Dokko Ryu Bujutsu is de verzamelnaam die we gebruiken om te verwijzen naar alle gewapende aspecten van Dokko ryu. Men komt er niet vanaf de eerste dag mee in aanraking, maar training met deze klassieke wapens blijft toch een belangrijk aspect van Dokko Ryu.

Nadat men voldoende ervaring heeft opgebouwd in de ongewapende technieken, wordt men geleidelijk aan geïntroduceerd in het gebruik van verschillende wapens. Wapentraining vereist inzicht, controle en beheersing die men dient te cultiveren door ervaring op te bouwen in het ongewapend aspect van Dokko Ryu. Zodra men een stevige basis beheerst in Jujutsu zal men als eerste wapen leren werken met de rokushakubo. Dit is een stok van ongeveer 180cm (zes japanse voet). Wanneer men de elementaire principes van de staf onder de knie heeft zal men ook onderwezen worden in het gebruik van de korte stok, de sanjakubo, van ongeveer 90 cm lang (drie japanse voet). Dit wapen is verrassend lastig gezien het nog meer dan de lange staf een verregaande integratie van ongewapende en gewapende principes vergt.

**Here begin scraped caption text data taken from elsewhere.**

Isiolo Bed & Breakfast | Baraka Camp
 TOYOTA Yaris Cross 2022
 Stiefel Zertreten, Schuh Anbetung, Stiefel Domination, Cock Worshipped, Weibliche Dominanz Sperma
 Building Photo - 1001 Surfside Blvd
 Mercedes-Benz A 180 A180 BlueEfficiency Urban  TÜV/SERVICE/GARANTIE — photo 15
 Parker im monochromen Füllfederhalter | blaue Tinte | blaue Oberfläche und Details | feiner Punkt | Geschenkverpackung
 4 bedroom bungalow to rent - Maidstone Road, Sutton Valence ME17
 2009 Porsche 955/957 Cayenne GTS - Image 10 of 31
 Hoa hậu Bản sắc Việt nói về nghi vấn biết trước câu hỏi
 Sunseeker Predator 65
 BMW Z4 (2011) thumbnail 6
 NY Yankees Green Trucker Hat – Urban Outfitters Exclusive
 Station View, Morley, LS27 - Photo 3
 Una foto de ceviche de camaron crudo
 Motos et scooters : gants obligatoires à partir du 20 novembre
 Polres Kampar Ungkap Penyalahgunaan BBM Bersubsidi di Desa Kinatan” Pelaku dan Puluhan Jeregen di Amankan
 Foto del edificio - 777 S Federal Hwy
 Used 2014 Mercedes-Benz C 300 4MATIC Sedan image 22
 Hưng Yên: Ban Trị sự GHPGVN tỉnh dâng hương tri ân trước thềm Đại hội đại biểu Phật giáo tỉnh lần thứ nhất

Vanaf zwarte gordel zullen zwaardtechnieken (kenjutsu) deel uitmaken van menu. Het zwaard is een moeilijk en veeleisend wapen, en het maakt dan ook een belangrijk deel uit van de testen om de zwarte gordel te behalen (shodan shinsa).

Naginata en Suuyari (speer) komen pas aan bod voor wie na het behalen van de zwarte gordel blijft doorgroeien. Deze wapens combineren de specifieke moeilijkheden eigen aan het wapen met de mogelijkheden van staf en blanke wapens.

Ook belangrijk om weten is dat de brug tussen deze klassieke wapens en zelfverdediging ook gemaakt zal worden. Dokko ryu is een krijgskunst met een klassieke opbouw, maar is ook een levende, moderne krijgskunst. De vergelijking tussen een wandelstok en een sanjakubo is bijvoorbeeld een band die niet moeilijk te begrijpen is, maar vrijwel elk klassiek wapen heeft beschikbare tegenhangers in het dagelijkse leven, bruikbaar om zich te beschermen indien de nood hoog is.